By taking up the issue of violence and putting it on his back, Cuomo is taking full and public responsibility for solving the problem.

SHARE Gov. Cuomo takes on gun violence in New York State. A model for Chicago?
Surrounded by supporters and advocates, New York Gov. Andrew Cuomo signs legislation on gun control in New York on Tuesday. Cuomo signed two pieces of legislation to combat gun violence in New York state.

Surrounded by supporters and advocates, New York Gov. Andrew Cuomo signs legislation on gun control in New York on Tuesday. Cuomo signed two pieces of legislation to combat gun violence in New York state.

AP photos

We’re impressed by the way New York Gov. Andrew Cuomo moved to get a handle on gun violence this week after 51 people were wounded or killed across his state during the long Fourth of July weekend.

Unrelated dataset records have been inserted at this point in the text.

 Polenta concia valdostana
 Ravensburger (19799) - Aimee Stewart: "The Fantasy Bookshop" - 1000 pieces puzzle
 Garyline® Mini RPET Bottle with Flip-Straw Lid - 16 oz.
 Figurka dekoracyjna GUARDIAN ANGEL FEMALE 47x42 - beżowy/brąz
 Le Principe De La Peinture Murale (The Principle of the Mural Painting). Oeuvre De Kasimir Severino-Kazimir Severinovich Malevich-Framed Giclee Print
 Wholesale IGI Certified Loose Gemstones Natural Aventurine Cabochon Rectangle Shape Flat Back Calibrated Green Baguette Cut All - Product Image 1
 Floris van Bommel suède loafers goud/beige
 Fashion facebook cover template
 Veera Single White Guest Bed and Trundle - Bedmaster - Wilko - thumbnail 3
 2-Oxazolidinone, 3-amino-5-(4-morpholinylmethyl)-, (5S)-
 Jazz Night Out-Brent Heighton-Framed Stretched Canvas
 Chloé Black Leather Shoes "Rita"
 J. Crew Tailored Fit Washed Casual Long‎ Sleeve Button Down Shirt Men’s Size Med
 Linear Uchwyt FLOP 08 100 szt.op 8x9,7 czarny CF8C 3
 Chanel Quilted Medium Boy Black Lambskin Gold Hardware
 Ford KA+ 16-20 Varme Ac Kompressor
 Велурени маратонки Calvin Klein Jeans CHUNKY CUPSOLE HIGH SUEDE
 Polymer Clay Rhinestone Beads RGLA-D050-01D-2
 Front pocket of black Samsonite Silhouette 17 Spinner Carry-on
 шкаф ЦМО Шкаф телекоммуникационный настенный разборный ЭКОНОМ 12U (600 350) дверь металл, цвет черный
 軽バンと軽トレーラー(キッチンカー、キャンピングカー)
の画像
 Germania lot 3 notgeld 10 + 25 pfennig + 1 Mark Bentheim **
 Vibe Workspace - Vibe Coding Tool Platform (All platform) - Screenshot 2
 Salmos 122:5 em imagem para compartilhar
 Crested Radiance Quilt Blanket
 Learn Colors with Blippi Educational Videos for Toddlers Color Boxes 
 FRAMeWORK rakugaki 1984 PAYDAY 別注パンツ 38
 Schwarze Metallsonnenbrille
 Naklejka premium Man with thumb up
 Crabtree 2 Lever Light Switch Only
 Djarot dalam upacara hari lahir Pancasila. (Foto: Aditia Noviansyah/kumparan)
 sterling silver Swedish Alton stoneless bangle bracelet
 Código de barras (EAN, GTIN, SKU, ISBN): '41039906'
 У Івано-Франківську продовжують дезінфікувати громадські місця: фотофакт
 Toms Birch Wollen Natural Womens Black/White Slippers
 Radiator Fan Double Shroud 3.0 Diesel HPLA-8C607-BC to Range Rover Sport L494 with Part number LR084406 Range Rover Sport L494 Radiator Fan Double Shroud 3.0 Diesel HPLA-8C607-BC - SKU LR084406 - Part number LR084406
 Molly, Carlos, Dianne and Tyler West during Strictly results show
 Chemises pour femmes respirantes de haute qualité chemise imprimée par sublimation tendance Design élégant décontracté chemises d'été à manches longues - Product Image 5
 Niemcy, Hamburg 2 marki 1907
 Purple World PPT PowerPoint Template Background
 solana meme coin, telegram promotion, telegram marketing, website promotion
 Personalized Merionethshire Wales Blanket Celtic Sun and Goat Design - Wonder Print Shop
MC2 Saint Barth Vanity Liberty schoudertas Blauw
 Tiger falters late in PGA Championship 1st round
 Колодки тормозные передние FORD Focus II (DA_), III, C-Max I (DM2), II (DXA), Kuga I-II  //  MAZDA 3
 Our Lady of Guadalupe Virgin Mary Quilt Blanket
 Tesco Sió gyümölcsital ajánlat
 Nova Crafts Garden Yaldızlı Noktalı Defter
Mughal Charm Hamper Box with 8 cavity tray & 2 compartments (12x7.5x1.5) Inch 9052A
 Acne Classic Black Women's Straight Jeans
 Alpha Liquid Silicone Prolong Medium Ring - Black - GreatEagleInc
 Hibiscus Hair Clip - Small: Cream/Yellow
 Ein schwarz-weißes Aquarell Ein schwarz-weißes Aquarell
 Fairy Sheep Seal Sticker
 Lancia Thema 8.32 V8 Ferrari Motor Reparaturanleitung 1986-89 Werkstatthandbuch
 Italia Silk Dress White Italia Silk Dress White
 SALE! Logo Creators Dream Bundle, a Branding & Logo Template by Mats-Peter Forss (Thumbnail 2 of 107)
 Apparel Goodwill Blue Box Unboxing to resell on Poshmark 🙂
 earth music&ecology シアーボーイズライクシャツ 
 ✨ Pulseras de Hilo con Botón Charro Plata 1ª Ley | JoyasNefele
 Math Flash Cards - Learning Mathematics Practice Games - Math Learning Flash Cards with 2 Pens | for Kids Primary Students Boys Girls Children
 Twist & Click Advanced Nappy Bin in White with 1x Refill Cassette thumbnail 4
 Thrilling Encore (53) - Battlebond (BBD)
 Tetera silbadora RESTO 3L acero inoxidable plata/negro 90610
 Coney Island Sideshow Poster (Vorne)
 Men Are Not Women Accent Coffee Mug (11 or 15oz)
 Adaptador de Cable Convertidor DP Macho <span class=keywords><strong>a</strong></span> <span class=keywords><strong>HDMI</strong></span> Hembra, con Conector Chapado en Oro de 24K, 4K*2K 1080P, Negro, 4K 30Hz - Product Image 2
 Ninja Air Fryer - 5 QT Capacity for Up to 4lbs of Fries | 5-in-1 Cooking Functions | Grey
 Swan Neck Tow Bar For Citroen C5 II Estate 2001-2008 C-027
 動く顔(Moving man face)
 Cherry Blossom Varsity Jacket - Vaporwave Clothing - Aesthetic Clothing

Frankly, it’s the kind of “the buck stops here” leadership on the gun violence issue that’s needed in Chicago.

Editorials bug

Editorials

Cuomo issued an executive order on Tuesday that declared the gun violence a “disaster emergency” and a public health crisis. That allows him to immediately muster the power and personnel of at least a dozen major New York state agencies and direct it toward solving the issue.

By taking up the issue of violence and essentially putting it on his back, Cuomo is taking full and public responsibility for solving the problem.

Meanwhile Chicagoans have been treated largely to a complicated and frustrating game of finger-pointing in which Mayor Lori Lightfoot and Police Supt. David Brown keep alleging, with next to no real proof, that the city’s violent crime is caused by bail reform and lenient courts and prosecutors granting bond to offenders who immediately return to the streets to commit more mayhem.

Opinion Newsletter

Meanwhile, Cook County State’s Attorney Kim Foxx and county courts Chief Judge Timothy Evans keep denying the allegations.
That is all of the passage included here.